Although family incomes have grown steadily over the past two decades, low income for women has been fairly steady, neither rising nor falling. In 2014, 13.5% of women lived in families with low income. This compares to 12.5% of men. Low income is higher for women and men in certain socio-economic groups, such as aboriginal persons, recent immigrants, persons with disabilities, unattached persons, lone parents, and persons belonging to a visible minority group. Lone-parent families, unattached seniors, and women aged 75 and over stand out as groups where low income is much higher for women than men. For example, women aged 75 and over had a low-income rate of 17%, compared to 9.4% for men.
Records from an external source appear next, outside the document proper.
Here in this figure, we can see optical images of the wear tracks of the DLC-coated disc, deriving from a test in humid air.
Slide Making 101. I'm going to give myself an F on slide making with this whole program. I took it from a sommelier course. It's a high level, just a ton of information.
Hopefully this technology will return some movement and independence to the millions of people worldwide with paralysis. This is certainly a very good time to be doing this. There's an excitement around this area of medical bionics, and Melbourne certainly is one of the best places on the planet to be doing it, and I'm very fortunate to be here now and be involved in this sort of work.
Going to slide 8, it is well known that federal government transfers reduce low income. Different transfer programs affect different family types. For example, older families may receive OAS and GIS, while younger families are more likely to receive child benefits or employment insurance. In slide 8, we show how much higher the low-income rate would have been for different family types if their income did not include their main federal transfers. OAS and GIS reduce the low-income rates of elderly unattached and couples by a large margin, while child benefits reduce the low-income rates among lone parents and couples, though by a lesser degree.
Looking at elderly unattached women, we see that their low-income rate was 30%, but without their OAS and GIS it would have been 25% higher. Looking at women in lone-mother families, we see that their low-income rate was 40% in 2014, but would have been 8% higher without child benefits. In some cases, the transfer is not enough to lift the family above the low-income threshold, but it still reduces the gap, that is, the dollar shortfall below the low-income threshold for that family. For example, for women in lone-mother families, the low-income gap averaged $11,400. That means their shortfall, on average, was $11,400 below the low-income threshold, but it would have been nearly $20,000 without the child benefits they received.
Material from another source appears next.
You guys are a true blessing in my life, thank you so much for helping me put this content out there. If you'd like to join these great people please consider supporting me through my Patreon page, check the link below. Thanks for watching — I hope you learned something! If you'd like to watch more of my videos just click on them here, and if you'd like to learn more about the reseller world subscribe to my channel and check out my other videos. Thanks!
On slide 9, I introduce our final topic today, which is retirement preparedness. Briefly, moving to slide 10, unattached women and lone mothers were less confident about their retirement prospects than other family groups were. They were less likely to be planning for their retirement. They were less likely to think their retirement income would be adequate, and for earlier retirees living unattached, they were less likely to think their current retirement income was adequate.
That brings me to the end of my discussion. Thank you very much.